Contudo, tais Medidas perderam sua eficácia, uma vez que não foram apreciadas no prazo estabelecido. Assim, editou-se a Medida Provisória nº 527/11, que, inicialmente, não tratava das licitações, mas durante sua tramitação na Câmara dos Deputados foi instituído o Projeto de Lei de Conversão nº 17/2011, prevendo o RDC e mantendo as disposições do texto original. 

A principal finalidade do novo regime de contratações públicas foi estabelecer um ambiente de licitações mais célere, econômico e eficiente. Para isso o artigo 1°, § 1° da Lei 12.462/11 instituiu seus próprios objetivos, quais sejam:  ampliação da eficiência nas contratações públicas competitividade entre os licitantes; promoção da troca de experiências e tecnologias, buscando a melhor relação entre custos e benefícios para o setor público; incentivo a inovação tecnológica; e garantia de tratamento isonômico entre os licitantes e a seleção da proposta mais vantajosa para a administração pública.

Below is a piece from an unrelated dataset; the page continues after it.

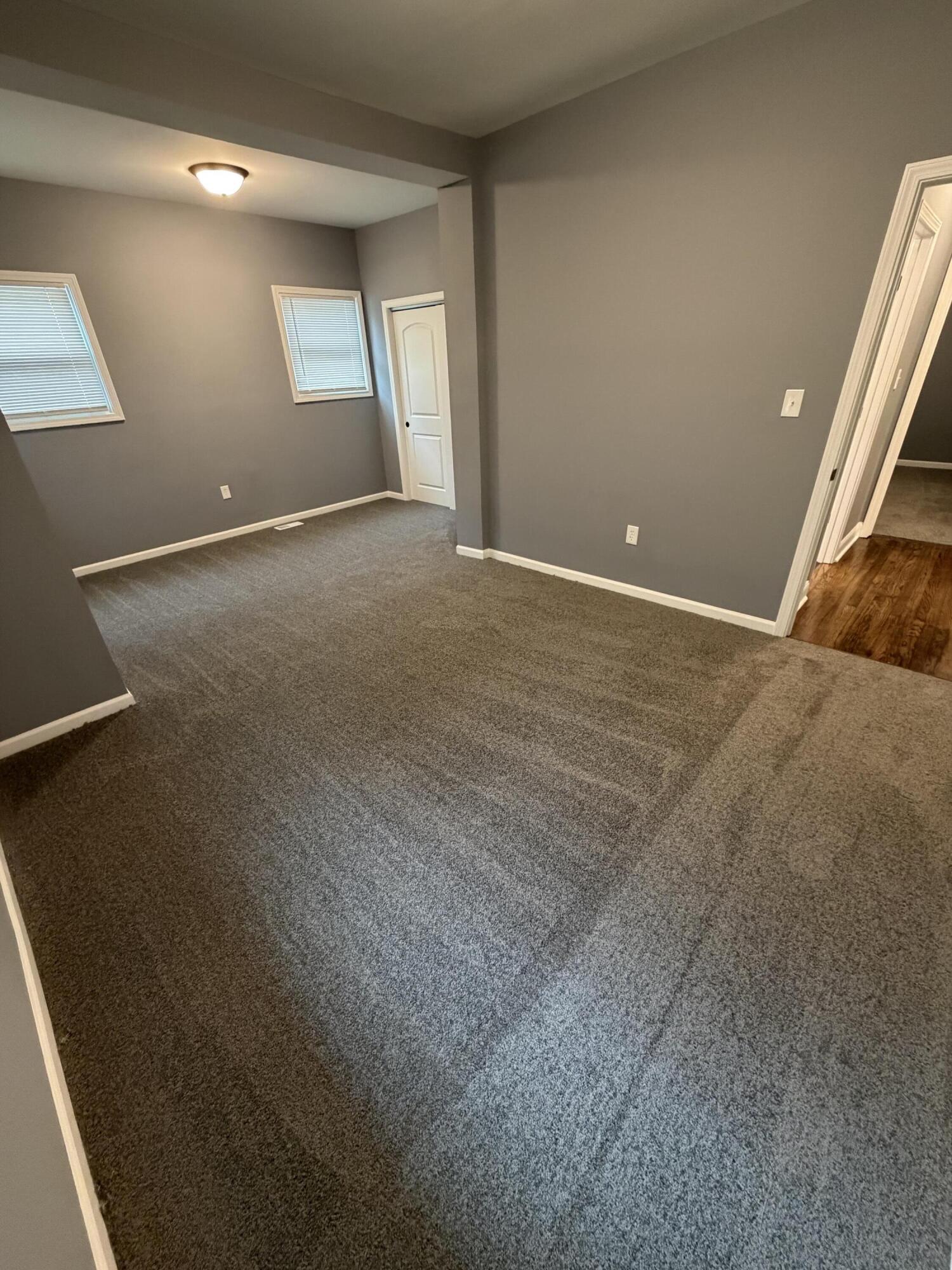 4450 Washington Street Gary, IN 46408 - Photo 14 of 25 en empty room with windows and closet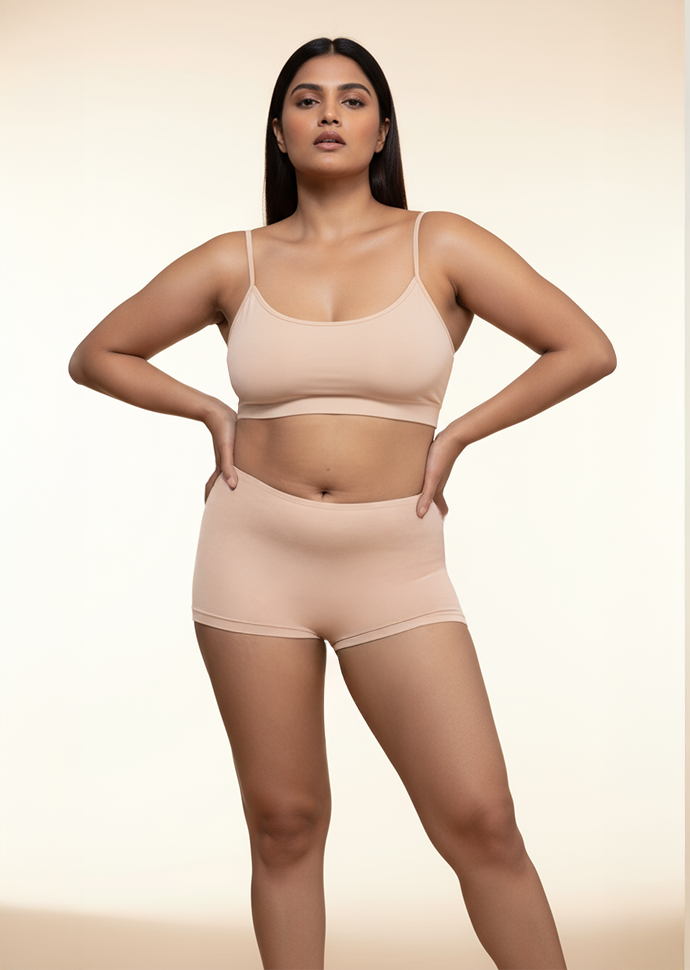 Woman wearing a beige bra and  boyshorts on a beige background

Verifica-se, no entanto, que, inicialmente, tal regime foi instituído para aplicação nos projetos ligados aos eventos esportivos, já comentados. Todavia seu âmbito de aplicação vem sendo alargado, já sendo aplicado, também, nas ações integrantes do PAC e para obras e serviços de engenharia no âmbito do SUS, do sistema público de ensino e para construção, ampliação e reforma de estabelecimentos penais e unidades de atendimento socioeducativo. Assim, art. 1°, caput e incisos, específica quando será aplicada e quais são os objetos da Lei 12.462/11:

Art. 1° É instituído o Regime Diferenciado de Contratações Públicas (RDC), aplicável exclusivamente às licitações e contratos necessários à realização:

I - dos Jogos Olímpicos e Paraolímpicos de 2016, constantes da Carteira de Projetos Olímpicos a ser definida pela Autoridade Pública Olímpica (APO);

II - da Copa das Confederações da Federação Internacional de Futebol Associação - Fifa 2013 e da Copa do Mundo Fifa 2014, definidos pelo Grupo Executivo - Gecopa 2014 do Comitê Gestor instituído para definir, aprovar e supervisionar as ações previstas no Plano Estratégico das Ações do Governo Brasileiro para a realização da Copa do Mundo Fifa 2014 - CGCOPA 2014, restringindo-se, no caso de obras públicas, às constantes da matriz de responsabilidades celebrada entre a União, Estados, Distrito Federal e Municípios;

III - de obras de infraestrutura e de contratação de serviços para os aeroportos das capitais dos Estados da Federação distantes até 350 km (trezentos e cinquenta quilômetros) das cidades sedes dos mundiais referidos nos incisos I e II;

IV - das ações integrantes do Programa de Aceleração do Crescimento (PAC);

V - das obras e serviços de engenharia no âmbito do Sistema Único de Saúde – SUS;

VI - das obras e serviços de engenharia para construção, ampliação e reforma de estabelecimentos penais e unidades de atendimento socioeducativo.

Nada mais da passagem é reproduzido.